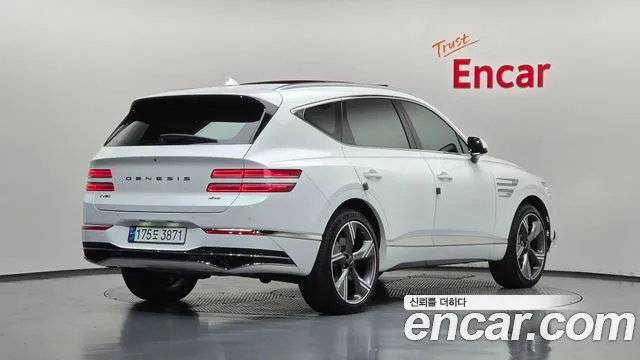 Genesis GV80 — Фото автомобиля 2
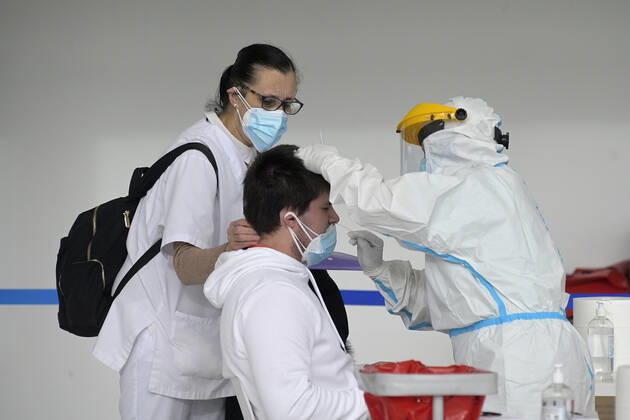 A man undergoes an antigen test in a mass screening device in A Coruna, Galicia (Spain), January 30, 2021. The Sergas has carried out this Saturday a mass screening of people aged between 18 and 60 years by antigen test, with the aim of detecting new cases of coronavirus that do not present symptoms. The device has been installed in Expocoruna. 30 JANUARY 2021;A CORUNA;GALICIA;SCREENING;MASS SCREENING;ANTIGEN TEST;HEALTH;EPIDEMIC;PANDEMIC;CORONAVIRUS M. Dylan LagenciaEP 01 30 2021 MADRID MADRID Spain Copyright: xM.xDylanx 3540437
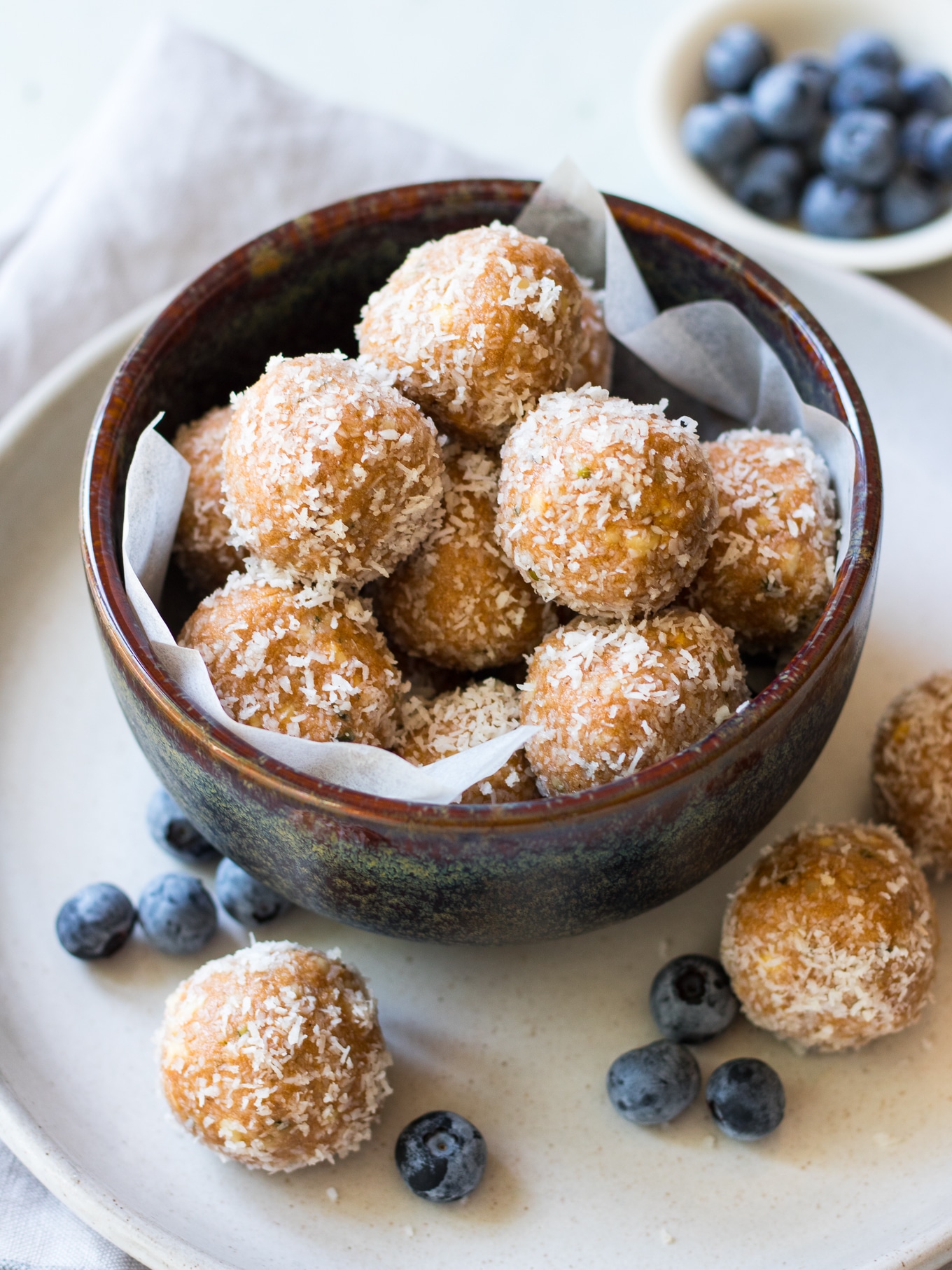 No Food Processor Paleo Protein Balls! One bowl to make these quick mix energy balls. The perfect healthy snack made with nut butter, honey, hemp seeds and coconut. Yum! #proteinballs #energyballs #paleo #glutenfree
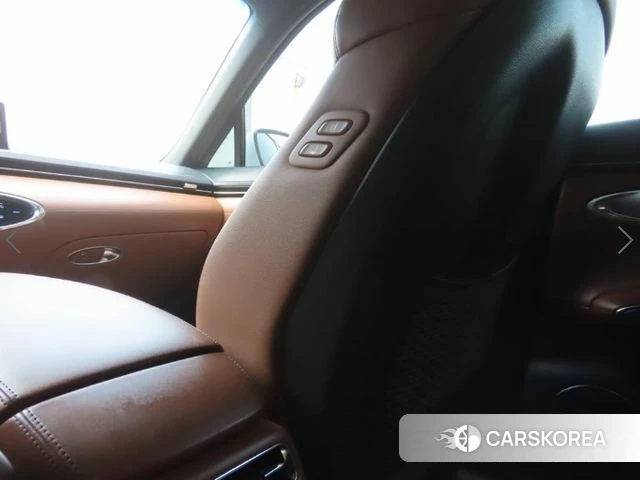 Genesis GV70 id 3858652 из Кореи 18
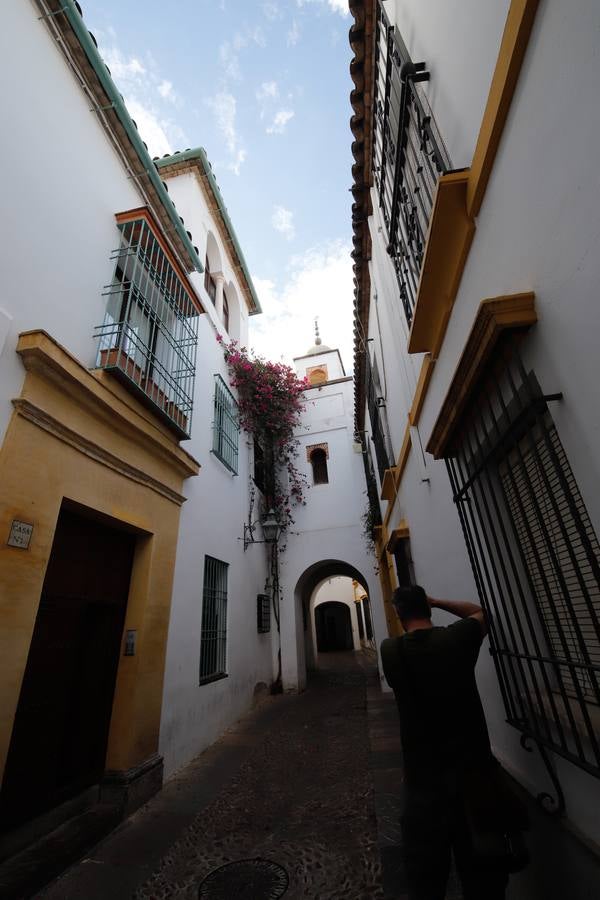 En imágenes, un paseo por la calleja de La Hoguera de Córdoba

• [Exercise objective]: Please write out the entire listing above exactly, but leave the pictures out.

• [Expected answer]:
 Genesis GV80 — Фото автомобиля 2
 A man undergoes an antigen test in a mass screening device in A Coruna, Galicia (Spain), January 30, 2021. The Sergas has carried out this Saturday a mass screening of people aged between 18 and 60 years by antigen test, with the aim of detecting new cases of coronavirus that do not present symptoms. The device has been installed in Expocoruna. 30 JANUARY 2021;A CORUNA;GALICIA;SCREENING;MASS SCREENING;ANTIGEN TEST;HEALTH;EPIDEMIC;PANDEMIC;CORONAVIRUS M. Dylan LagenciaEP 01 30 2021 MADRID MADRID Spain Copyright: xM.xDylanx 3540437
 No Food Processor Paleo Protein Balls! One bowl to make these quick mix energy balls. The perfect healthy snack made with nut butter, honey, hemp seeds and coconut. Yum! #proteinballs #energyballs #paleo #glutenfree
 Genesis GV70 id 3858652 из Кореи 18
 En imágenes, un paseo por la calleja de La Hoguera de Córdoba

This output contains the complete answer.